New Law Creates Additional FOIA Exemptions

Author: Jacob D. Caudill

August 14, 2017

Earlier this month, Governor Rauner approved a bill creating additional exemptions under Illinois’s Freedom of Information Act. Public Act 100-0026 creates three new exemptions which allow public bodies to deny FOIA requests sent by incarcerated persons. Specifically, the bill amends Section 7 of the FOIA to include the following:

“ . . . [T]he following shall be exempt from inspection and copying:”

* * *

(e-8) Records requested by a person committed to the Department of Corrections or a county jail, the disclosure of which would result in the risk of harm to any person or the risk of an escape from a jail or correctional institution or facility.
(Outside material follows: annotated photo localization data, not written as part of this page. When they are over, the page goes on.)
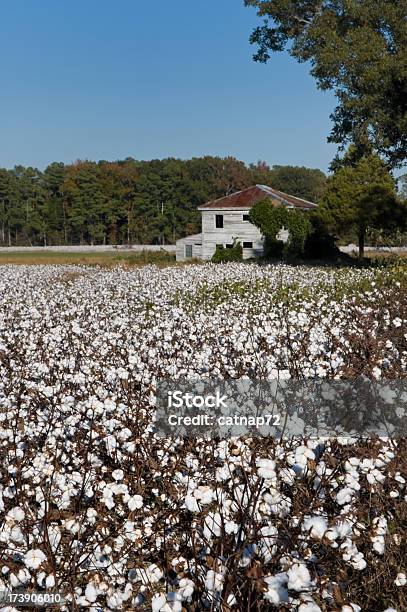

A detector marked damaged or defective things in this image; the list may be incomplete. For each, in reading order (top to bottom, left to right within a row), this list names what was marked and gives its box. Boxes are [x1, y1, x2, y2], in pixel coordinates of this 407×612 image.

rusty metal roof [198, 184, 318, 210]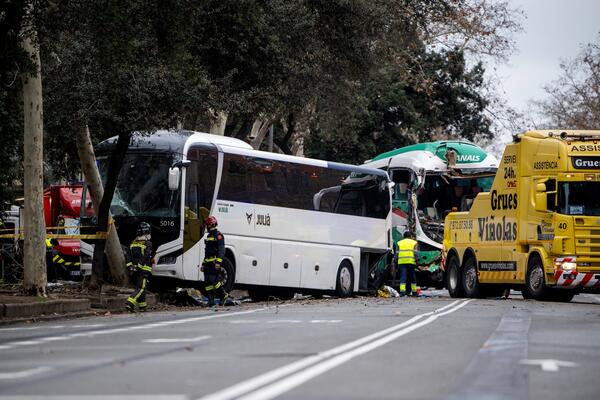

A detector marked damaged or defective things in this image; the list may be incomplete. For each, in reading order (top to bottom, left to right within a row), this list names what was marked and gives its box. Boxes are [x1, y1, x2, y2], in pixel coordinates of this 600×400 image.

shattered windshield [97, 153, 178, 217]
damaged front of bus [366, 141, 496, 288]
shattered windshield [556, 183, 600, 217]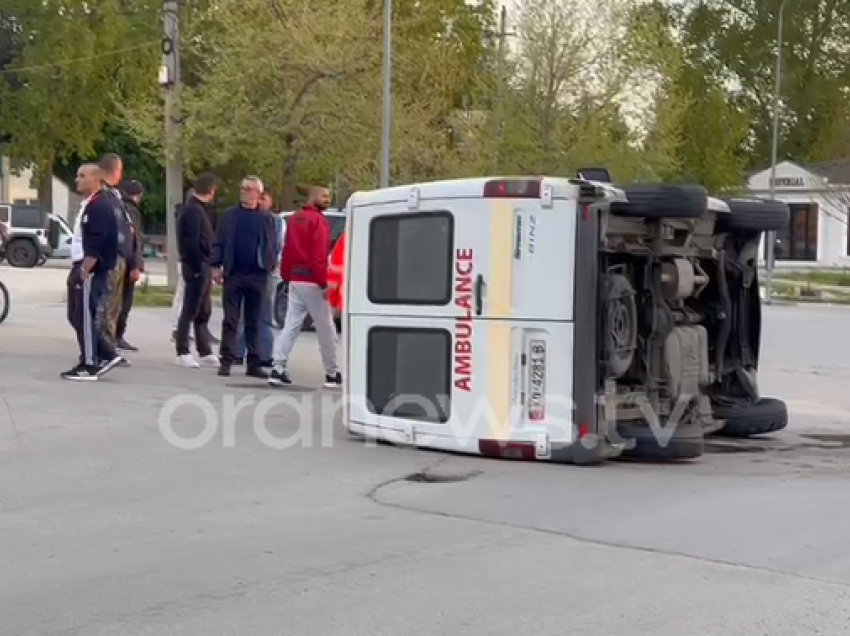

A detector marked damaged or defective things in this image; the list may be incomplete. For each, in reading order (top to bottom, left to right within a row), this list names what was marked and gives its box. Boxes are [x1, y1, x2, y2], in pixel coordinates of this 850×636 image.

exposed wheel [612, 185, 704, 220]
exposed wheel [716, 198, 788, 232]
exposed wheel [5, 238, 38, 268]
exposed wheel [712, 398, 784, 438]
exposed wheel [608, 422, 704, 462]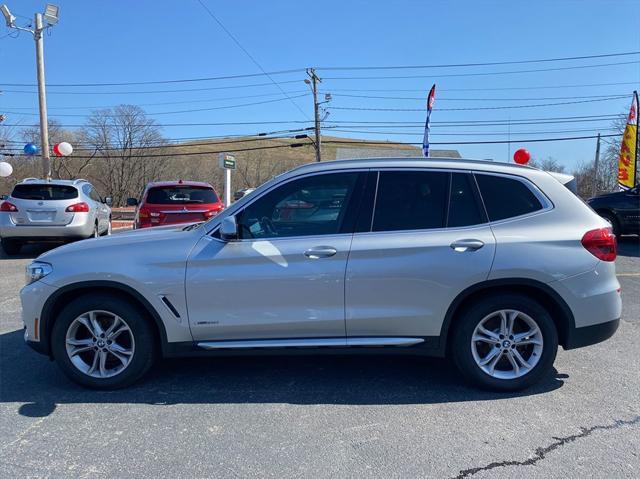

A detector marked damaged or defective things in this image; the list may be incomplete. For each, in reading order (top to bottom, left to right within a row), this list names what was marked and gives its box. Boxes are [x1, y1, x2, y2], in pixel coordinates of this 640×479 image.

pavement crack [450, 414, 640, 478]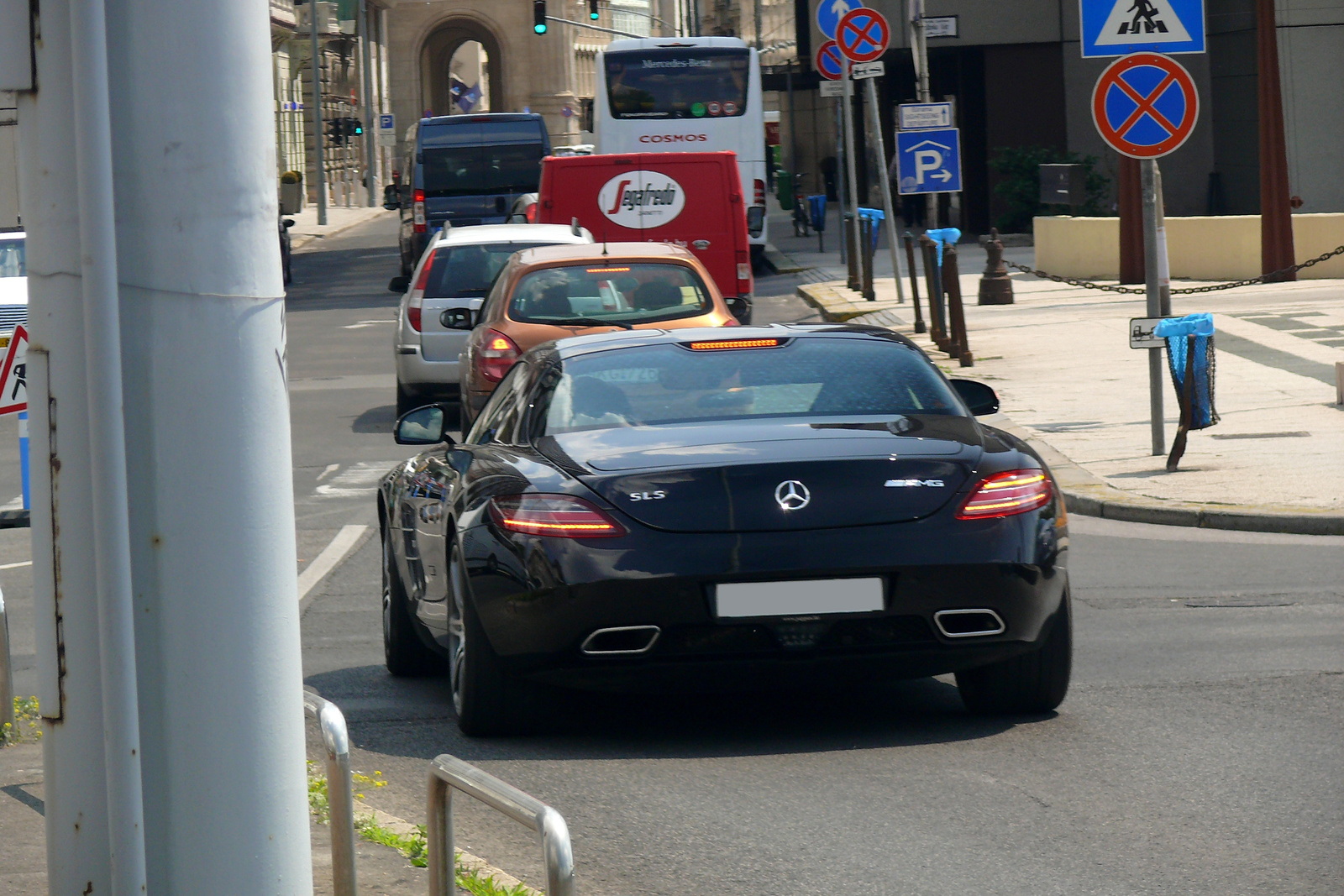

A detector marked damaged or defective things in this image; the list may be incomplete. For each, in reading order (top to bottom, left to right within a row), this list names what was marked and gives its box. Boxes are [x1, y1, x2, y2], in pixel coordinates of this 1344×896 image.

rusty metal pole base [973, 228, 1011, 305]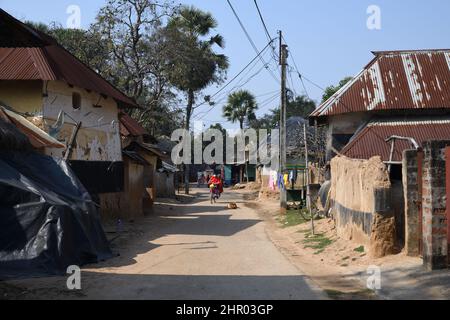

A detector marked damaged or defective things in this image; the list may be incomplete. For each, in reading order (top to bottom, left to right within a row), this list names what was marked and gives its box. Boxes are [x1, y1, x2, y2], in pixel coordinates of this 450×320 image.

rusty tin roof [312, 50, 450, 118]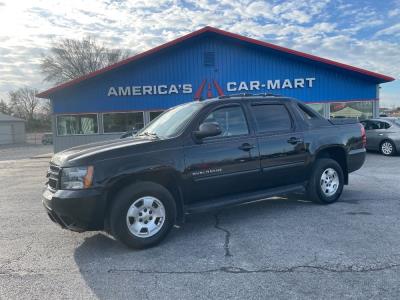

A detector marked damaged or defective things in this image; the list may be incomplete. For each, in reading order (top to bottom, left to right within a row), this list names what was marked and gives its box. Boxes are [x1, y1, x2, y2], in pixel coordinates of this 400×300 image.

cracked pavement [0, 151, 400, 298]
pavement crack [214, 212, 233, 256]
(e-9) Records requested by a person in a county jail or committed to the Department of Corrections containing personal information pertaining to the person’s victim or the victim’s family, including, but not limited to, a victim’s home address, home telephone number, work or school address, work telephone number, social security number, or any other identifying information, except as may be relevant to a requester’s current or potential case or claim.

(e-10) Law enforcement records of other persons requested by a person committed to the Department of Corrections or a county jail, including, but not limited to, arrest and booking records, mug shots, and crime scene photographs, except as these records may be relevant to the requester’s current or potential case or claim.”

In sum, public bodies are exempt from disclosing the following records to incarcerated people:

  • Records that would risk harm or escape from a correctional facility
  • Records concerning the incarcerated person’s victim
  • The arrest records of other people.

As such, municipalities should keep this new law in mind whenever responding to FOIA requests from incarcerated persons.